Your instructions: Look below for the line with "Anthrax T-Shirt: Spreading the disease", then repeat it and all lines after it, exactly, minus any pictures.

Data segment:
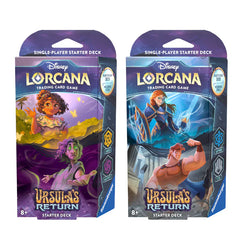 Disney Lorcana TCG Ursula's Return Starter Decks | Card Merchant Takapuna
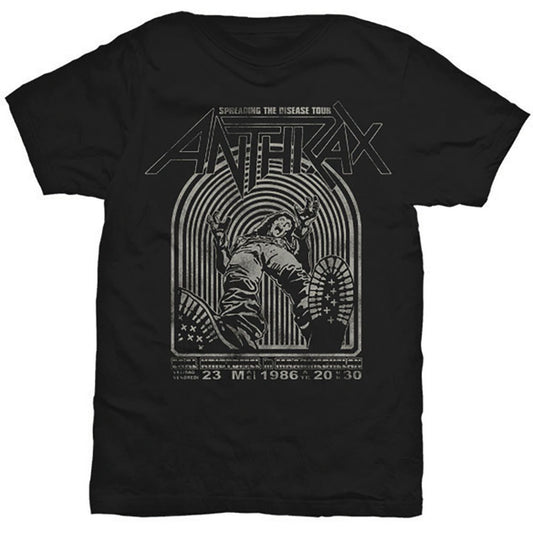 Anthrax T-Shirt: Spreading the disease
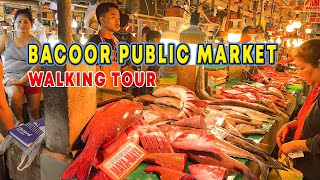 Morning Visit in BACOOR PUBLIC MARKET  BACOOR Cavite [upl. by Dorian]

Exercise output:
 Anthrax T-Shirt: Spreading the disease
 Morning Visit in BACOOR PUBLIC MARKET  BACOOR Cavite [upl. by Dorian]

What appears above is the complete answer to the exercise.